Woher nimmst du denn deine Annahme, dass es die "verkrustete" Bundesbahn noch gibt? Die Mitarbeiter, welche die "verkrusteten Strukturen" aufrecht erhalten, müssten ja über kurz oder lang wegpensioniert werden, so dass sich das Problem mittelfristig eh auflöst; die Bundesbahn gibt es schließlich seit 30 Jahren nicht mehr, daher dürften heute bei der Bahn kaum noch Menschen arbeiten, welche diese noch erlebt haben.
Das erlebe ich anders. Ich finde, es braucht Reformen und einen Kulturwandel. Natürlich gibt es bei der DB Bereiche, in denen hervorragend gearbeitet wird.
Generell, so mein Dafürhalten, ist die DB in vielen Berichen ein ineffizienter Laden, vielleicht hat es auch etwas damit zu tun, dass man in Deutschland generell bürokratischer und "verregleter" ist. Z.B. im Baumanagement. In anderen Ländern plant man die Bauarbeiten mit durchgehendem Betrieb und schliesst die Strecke nur nachts und am Wochenende, die DB ordnet immer gleich eine lange Totalsperre an. Dazu kommunizieren offenbar die einzelnen Bahn-Abteilungen nicht miteinander, die eine Hand weiss nicht, was die andere macht und das hat ganz viel damit zu tun:
Eher daran, dass "Dienst nach Vorschrift", "haben wir schon immer so gemacht" und "50% Leistung reichen auch" amgesagt sind.
Tunnelblick eben. Der DB-Alltag sieht leider all zu oft so aus (Ereignis aus dem Jahre 2023):
Ein Kunde vergisst im Zug von Schaffhausen Richtung Basel Bad einen Gegenstand im Zug. Der eifrige SBB-Beamte will den DB-Bahnhof X anrufen, damit er ihn aus dem Zug holt. Der nimmt ab, sagt, dass sei nicht seine Aufgabe. Der Gegenstand liegt dann am Bahnhof Y, wie später der eifrige SBB-Beamte mühselig herausfindet. Er ruft dort an und es wird ihm bestätigt. Aber der Fundgegenstand wird nur auf schriftliche Aufforderung an den Bahnhof Schaffhausen versendet.

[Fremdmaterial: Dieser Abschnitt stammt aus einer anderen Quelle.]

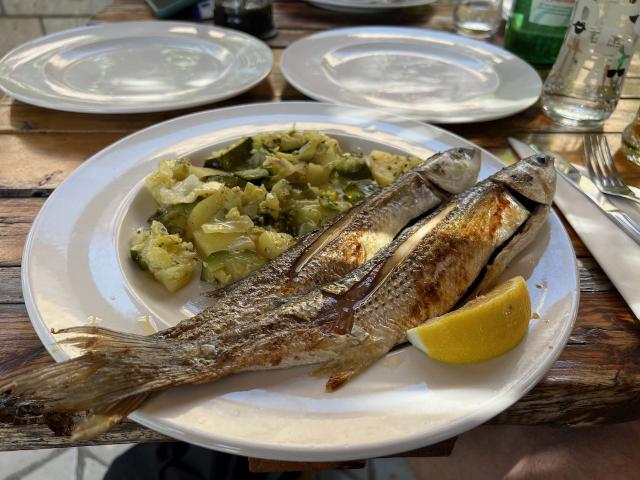 Grilled, freshly caught fish from a lake in Mljet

Er weigert sich, eine Mail-Adresse rauszurücken, es müsse per Fax zugeschickt werden. Nur gibt es am Bahnhof Schaffhausen keinen Fax. Liegt es an den Strukturen? An der Kultur? Flexible Bahnangestellte hätten die Sache doch in fünf Minuten geregelt. Das ist eben auch die DB.

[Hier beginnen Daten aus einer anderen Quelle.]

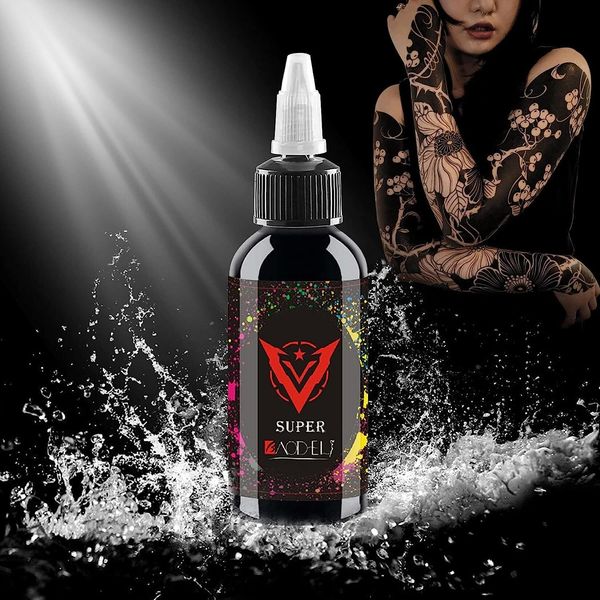 Baodeli Elemental Tattoo Supplies Black Ink (1oz/30ml) Perfect for Lining and Shading - Tribal - Permanent - Stable - True Black Ink 1 Bottle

Zu deinen weiteren Ausführungen: Glaubst du denn, dass es besser wird, wenn der Bahnverkehr privatisiert wird?
Nein, ich bin klar gegen die Privatisierung. Ich glaube aber, dass die Befürworter einer Aufsplittung darin den ersten Schritt zur Privatisierung sehen. Aus meiner Sicht dürfen die Bereiche, welche für die Allgemeinheit wichtig sind, nicht privatisiert werden. Leider haben eben die Anhänger von Privatisierungen nicht unrecht, wenn sie sagen, Monopole neigen zur Ineffizienz, genauso, wie ihre Aussage, dass Privatisierungen zu besserer Qualität und tieferen Preisen führt, halt auch nicht generell zutrifft. Es gibt effiziente Monopole und gute private Anbieter kein Zweifel, die Frage ist, wie wir einen ineffizienten Laden zu mehr Effizienz bringen können, gerade wenn es sich um einen Grossbetrieb handelt, bei dem mit viel Widerstand aus den eigenen Reihen zu rechnen ist, weil Veränderung mit Verschlechterung (mehr Arbeit, andere Aufgaben etc) gleichgesetzt wird.

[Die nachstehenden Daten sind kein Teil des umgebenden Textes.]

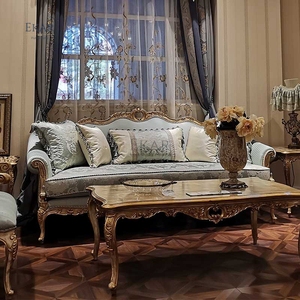 الفاخرة غرفة المعيشة الأثاث الأوروبي نمط طقم أريكة جلد أبيض الخشب العتيقة اليد منحوتة الملكي تصميم الأرائك الأثاث المنزلي - Product Image 5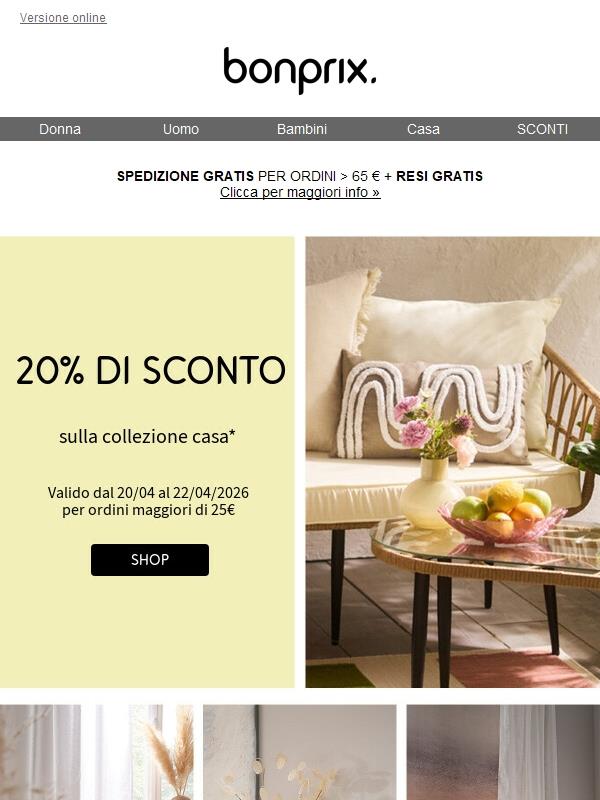 20% di sconto sugli articoli per la casa – affrettati! ⌛️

Wir mussten damals alle in eine Art Dienstleistungskurs. Das war mehr ein Gespräch über die Zukunft, so wie wir sein wollen und was uns wichtig ist. Jeder musste gehen und manch einer sah darin eine Kriegserklärung, damit meine ich Totalverweigerung und unaufhörliches Gemotze. Lokführer waren damals eine ganz schwierige Spezies, ich denke, da hat sich über die Jahre einiges getan.